ASSIGNED TASK » Below are entries. Give back exactly the lines from the one containing "154 W Swift" through the one containing "a couple laughs", inclusive, without the pictures.

DATA RECORDS »
********************

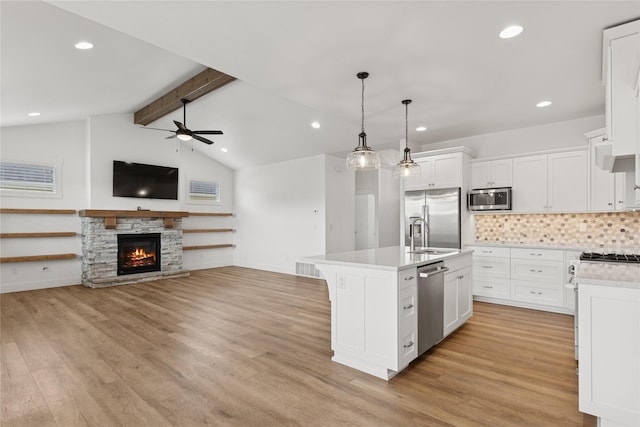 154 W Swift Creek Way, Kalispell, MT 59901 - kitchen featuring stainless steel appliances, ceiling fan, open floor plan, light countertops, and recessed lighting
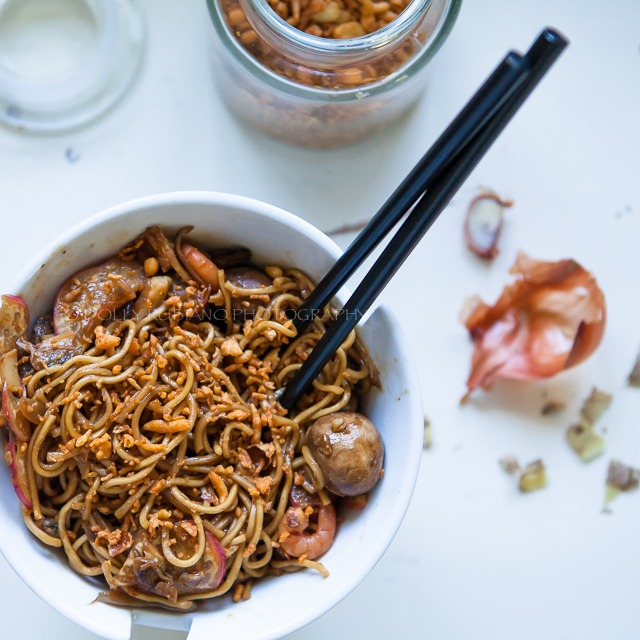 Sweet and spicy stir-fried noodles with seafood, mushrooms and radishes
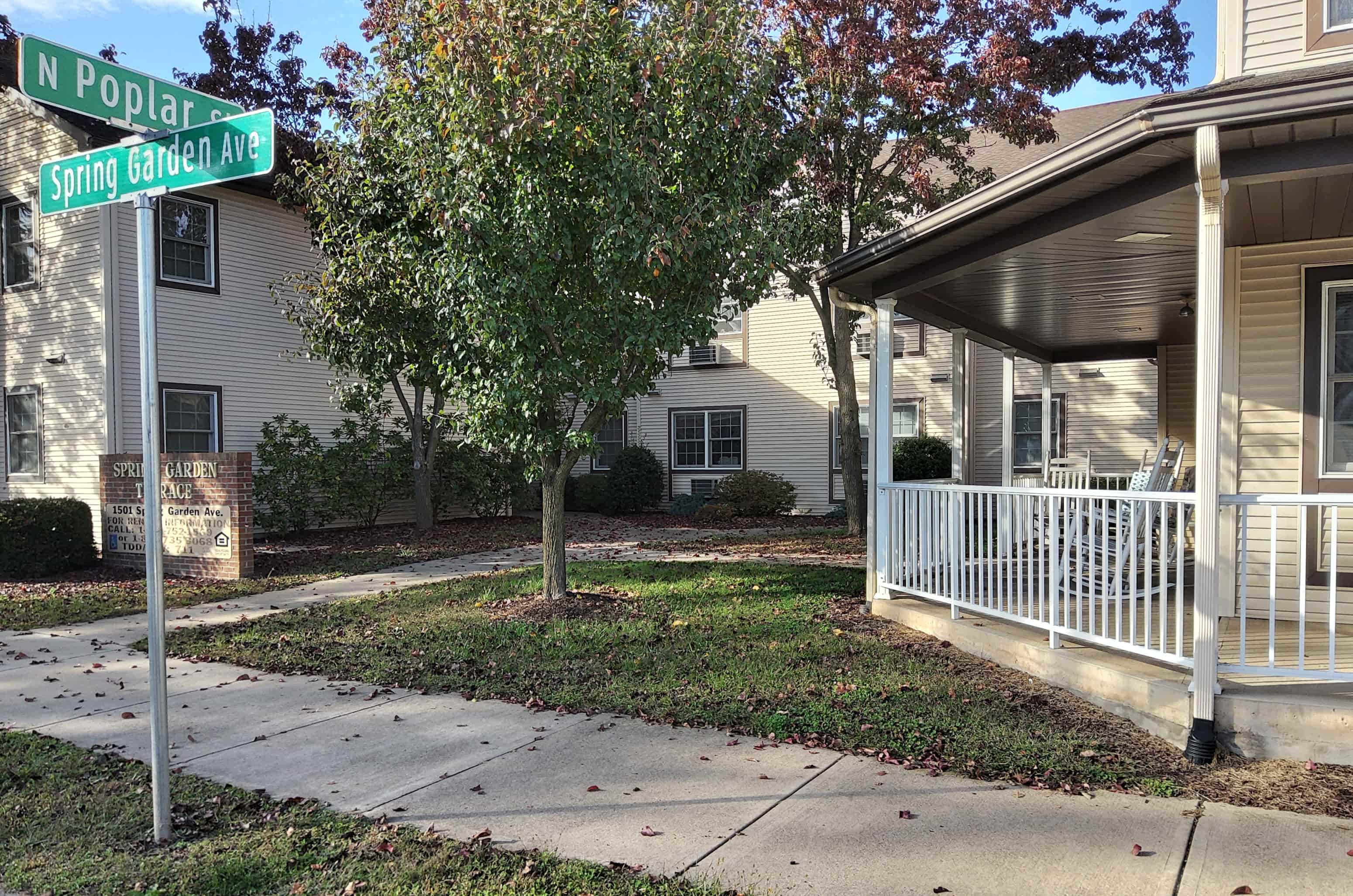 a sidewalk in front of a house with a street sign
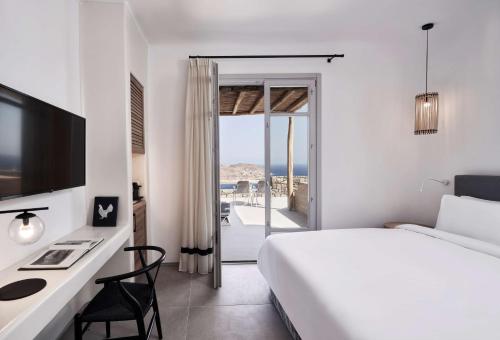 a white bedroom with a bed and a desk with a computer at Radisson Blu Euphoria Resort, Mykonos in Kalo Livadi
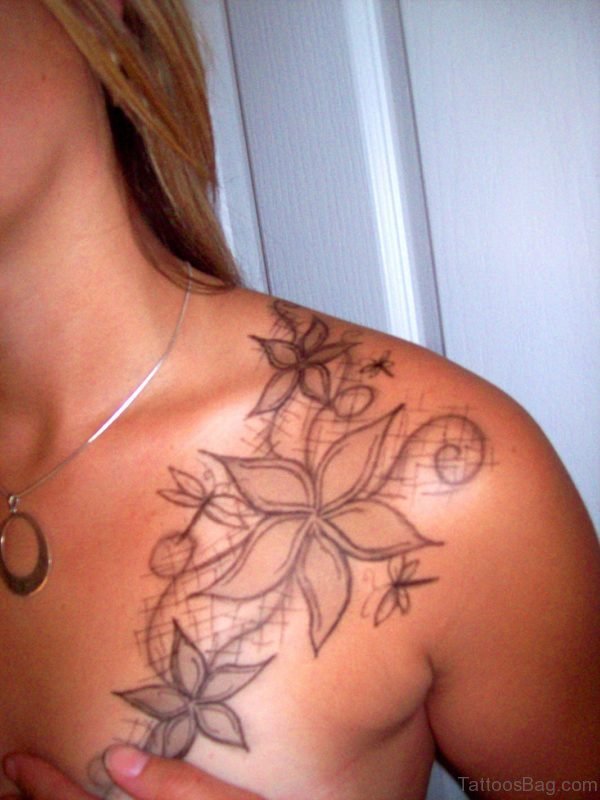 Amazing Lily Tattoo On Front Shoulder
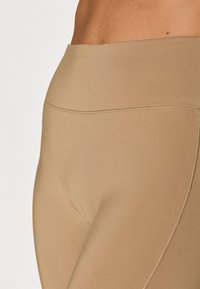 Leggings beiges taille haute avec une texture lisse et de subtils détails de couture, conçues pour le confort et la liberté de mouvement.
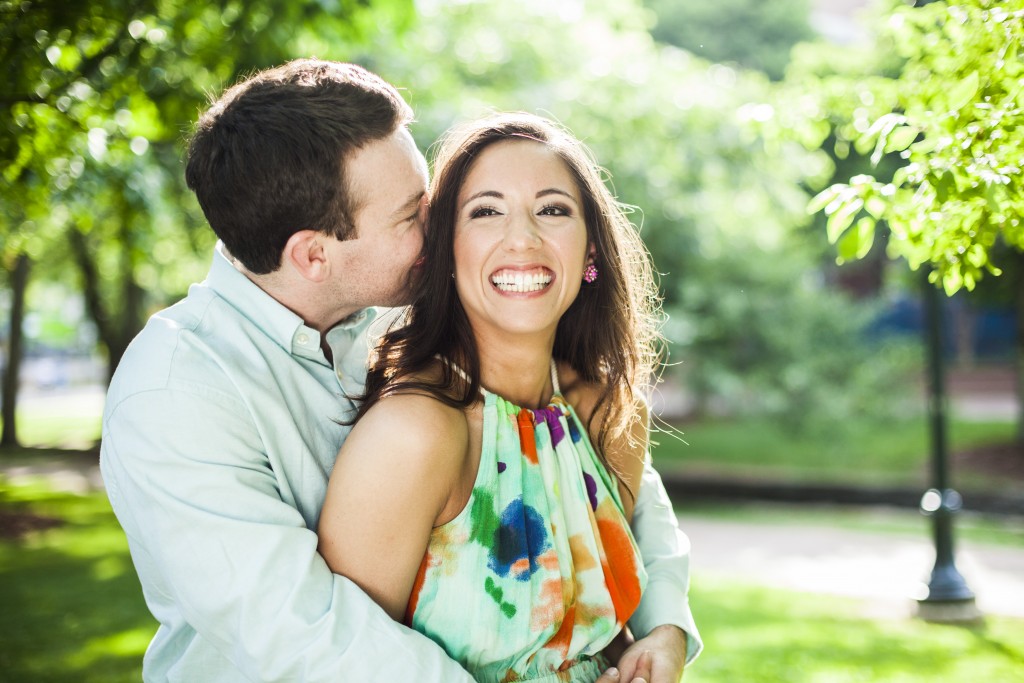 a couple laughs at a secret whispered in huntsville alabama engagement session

********************

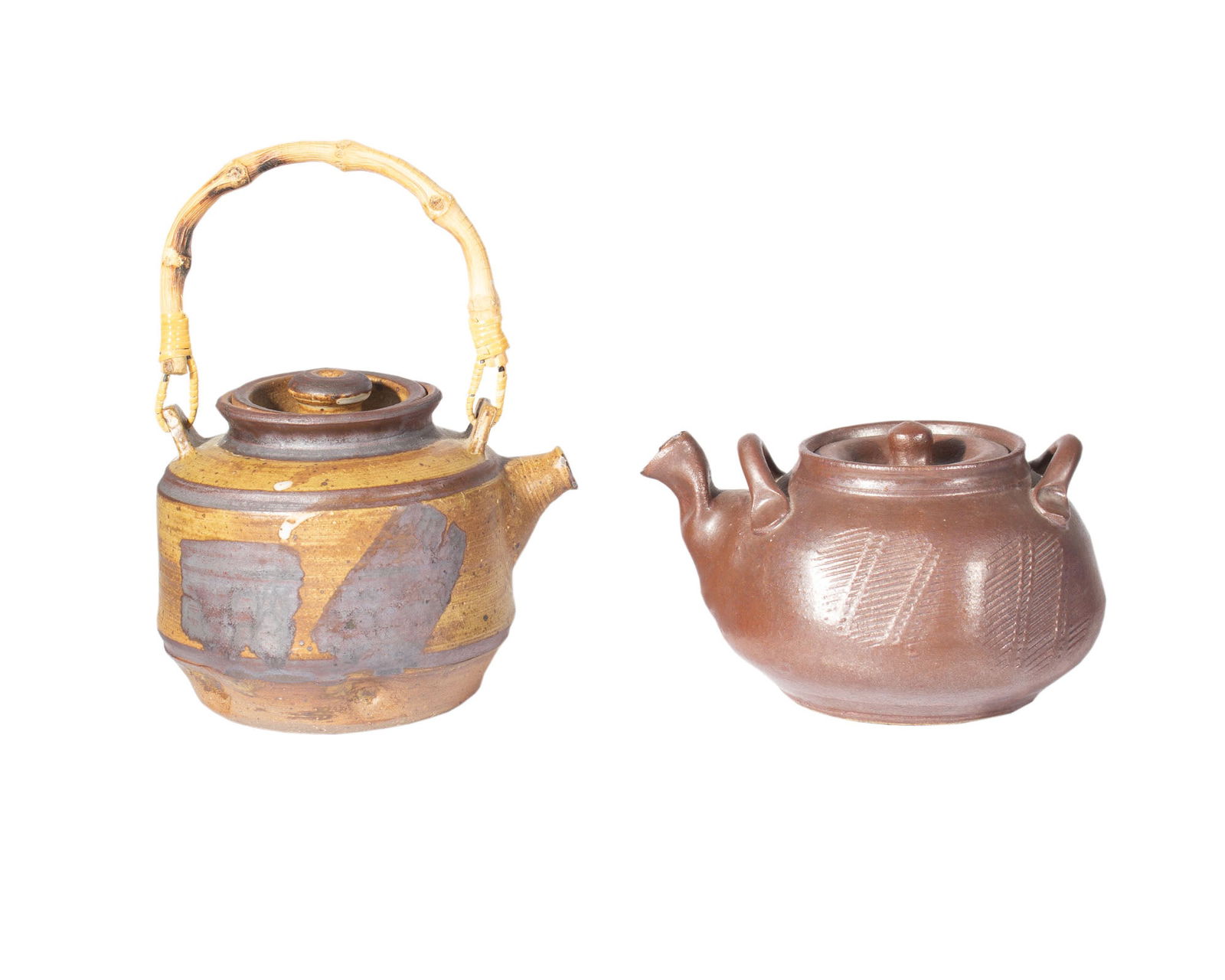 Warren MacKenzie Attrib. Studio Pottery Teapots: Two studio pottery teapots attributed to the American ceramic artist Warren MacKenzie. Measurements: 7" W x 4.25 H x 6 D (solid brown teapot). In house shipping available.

********************

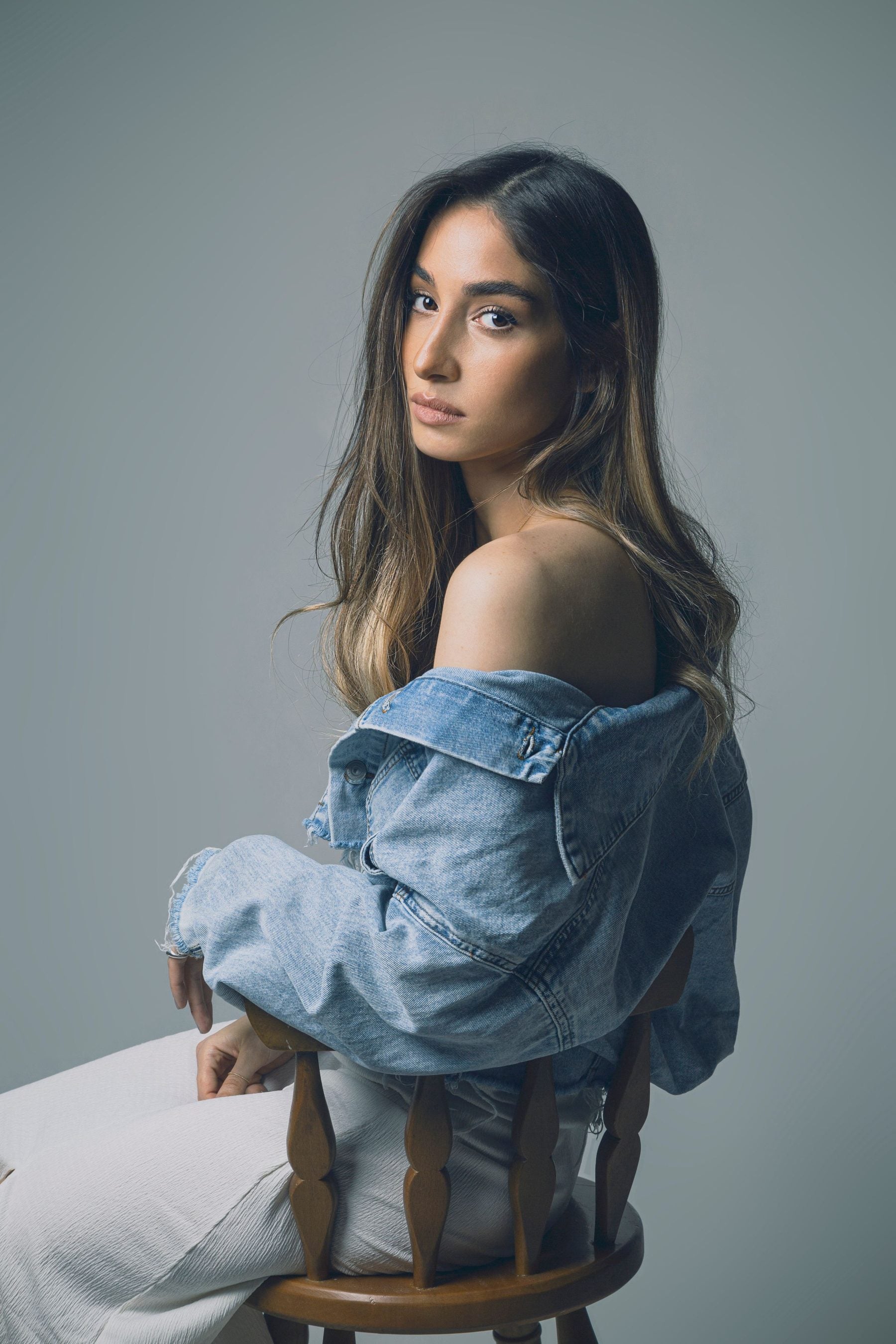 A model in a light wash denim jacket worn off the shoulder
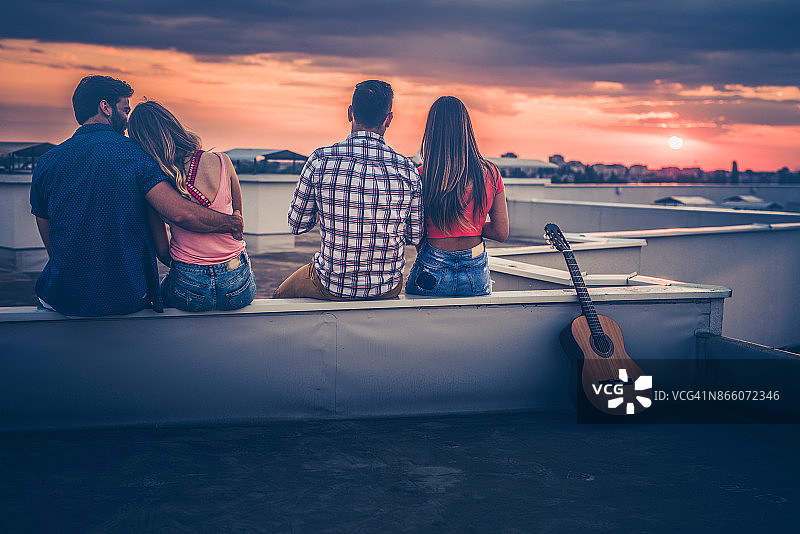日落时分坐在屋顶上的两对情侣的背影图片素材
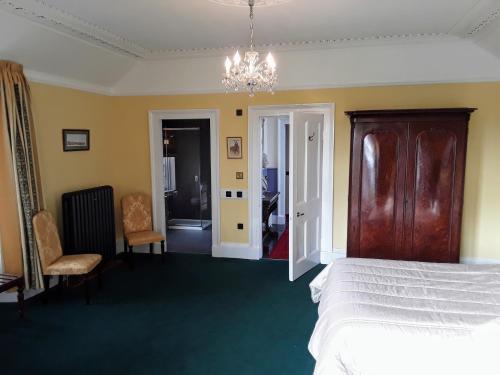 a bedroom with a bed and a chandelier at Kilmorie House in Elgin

********************

TASK ANSWER »
 154 W Swift Creek Way, Kalispell, MT 59901 - kitchen featuring stainless steel appliances, ceiling fan, open floor plan, light countertops, and recessed lighting
 Sweet and spicy stir-fried noodles with seafood, mushrooms and radishes
 a sidewalk in front of a house with a street sign
 a white bedroom with a bed and a desk with a computer at Radisson Blu Euphoria Resort, Mykonos in Kalo Livadi
 Amazing Lily Tattoo On Front Shoulder
 Leggings beiges taille haute avec une texture lisse et de subtils détails de couture, conçues pour le confort et la liberté de mouvement.
 a couple laughs at a secret whispered in huntsville alabama engagement session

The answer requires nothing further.